Suspense/Crime novel- ~8k

Sci/fi novel- ~7k

Sekrit Experiment project- ~1k

Paranormal Mystery, Horror Western, Irish Historical, and Regency Romance- no words yet

Also have one novella that stands at ~1300 words and another that had nearly 5k on it (which I haven’t touched in a year since I really need to redraft the whole beginning, grr).

So… plenty to finish.  I should get on that.

At Least Now I Can Stop Counting

Rejections 99 and 100 came today.  One personal, one form letter (on a third of a sheet of paper, I admire the thriftiness). *grin*

Time to plan the party.  At least, as the subject says, I can stop counting now until I think I might be close to 200, or 500.  We’ll see.  It’s just easier to not keep track.

Time to get another story into the mail. Can’t lose my race score points.

Random Thoughts #209

That thing I said last week about starting long stuff? I guess I meant medium stuff.  I finished a novella, which will be my WotF Q3 entry.  It kept trying to become a novel.  I won though, the story stayed under 17,000 words.   Now, to actually finish a novel. Seriously.  As soon as I finish just one last short story. (I’m like an addict, one more hit, just one more, ooh, wait, okay, one more).
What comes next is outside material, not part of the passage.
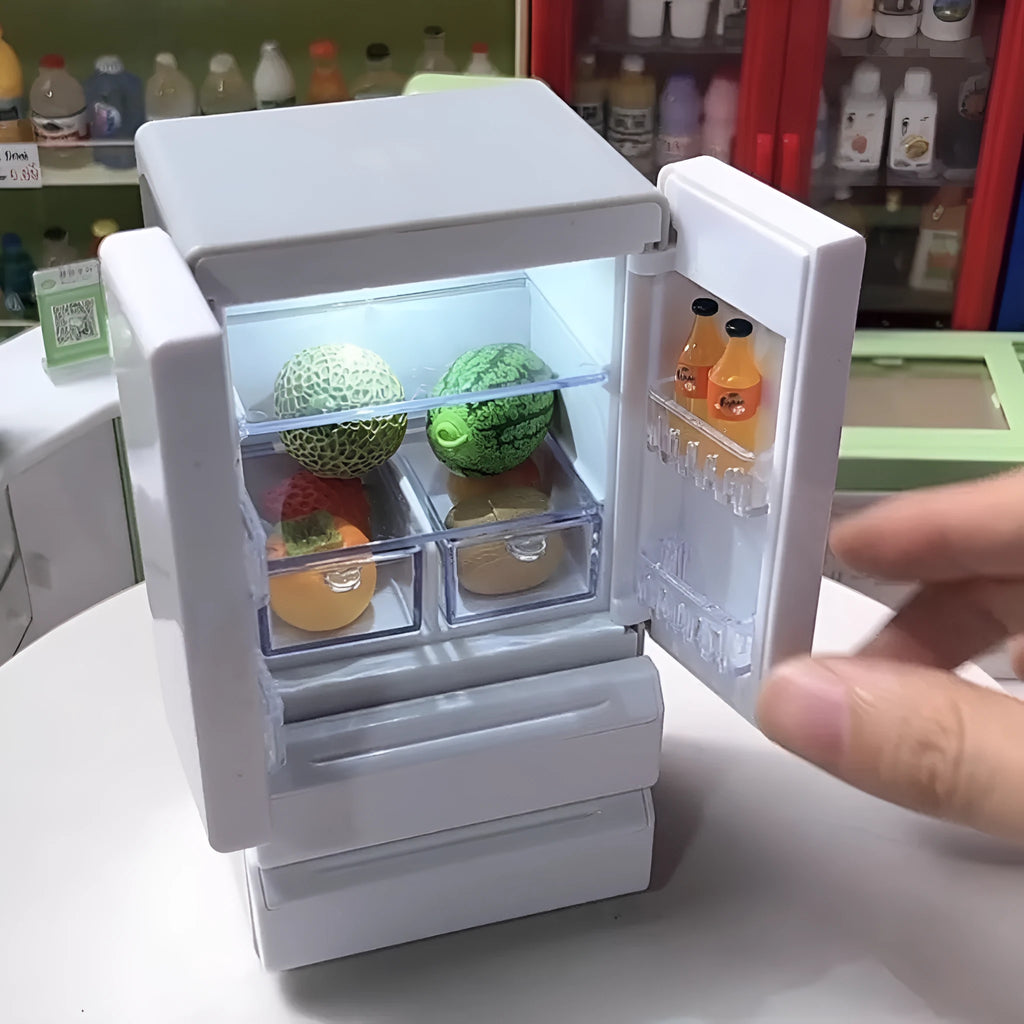 White plastic miniature candy toy model with light-up feature displayed on surface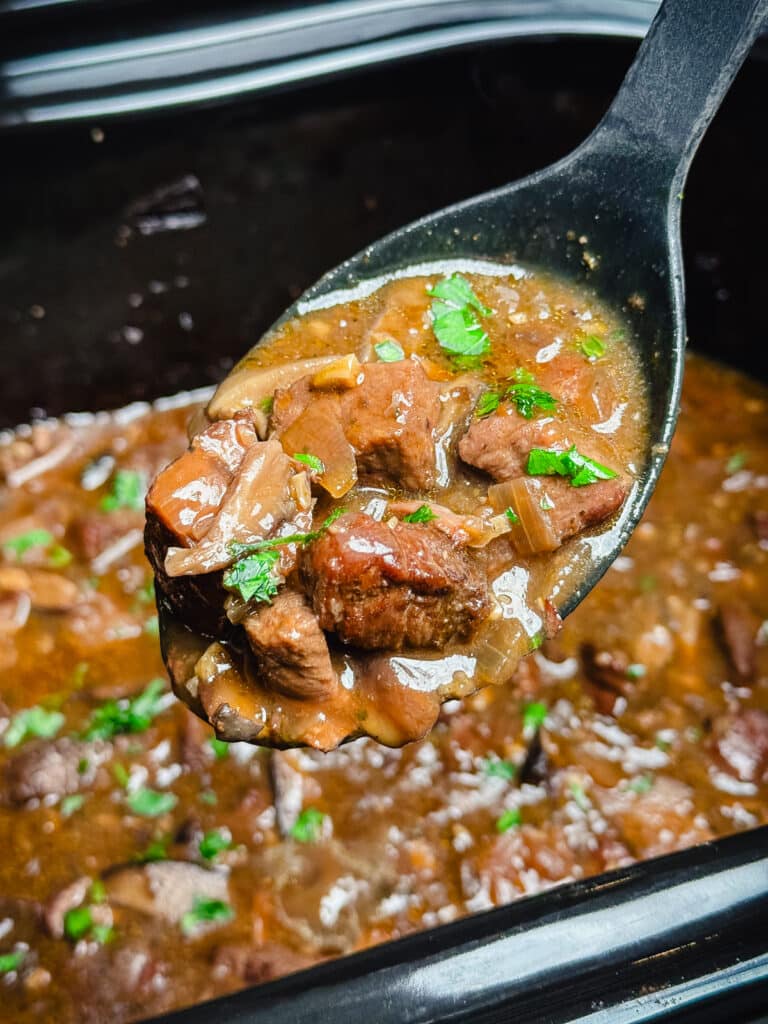 crockpot beef tips with parsley in a slow cooker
First up on the plate is my middle grade novel.  I’m practicing not doing any research.  I realize this is a strange thing for a writer to practice, but I think sometimes I clog my brain with needing to find “true” details to stick in and don’t let the imagination run where it might.  The story is a fantasy with entirely made up everything, so it seemed like a good time to just, well, make shit up.  I’ve always believed that internal consistency matters a hell of a lot more for storytelling (especially in any story with magic or a made-up world) than having things be “realistic”.  I decided to make this novel my practice for making shit up after I was brainstorming about it and realized the princess in my head had bright pink hair.  My first thought after that was “oh, she can’t have pink hair, that’s totally unrealistic.”  Yeah, this is doubly funny if you know me, since I rarely have ‘hair’ colored hair (it’s blue and purple at the moment).  That was when it clicked that maybe my critical side was interfering in the fun of writing.  So I’m rolling with my imagination, whatever it wants, it gets this time around.  Pink hair it is!

I’m attending two more workshops this year, and hopefully Orycon as well (I’m thinking of seeing if I can’t get on a panel or two).

4 more rejections until I throw a 100 rejection party.  The more stuff goes out, the faster the responses stack up.  I figure once I hit 100 I’m going to go back to not keeping track anymore until I think I might be getting close to 200, when I plan to throw another party (100,200,500, 1000, 10000 etc).

Oh, and in cool news, an artist friend of mine is doing up a graphic novel version of one of my favorite stories (story hasn’t sold yet, sigh, but I’m hopeful).  Even if I never sell the story, I originally envisioned it as a script for her, so that is pretty sweet.  She and I used to do a webcomic together years and years ago, and I miss comics as a medium.  It’ll be cool to see what she does with the story visually.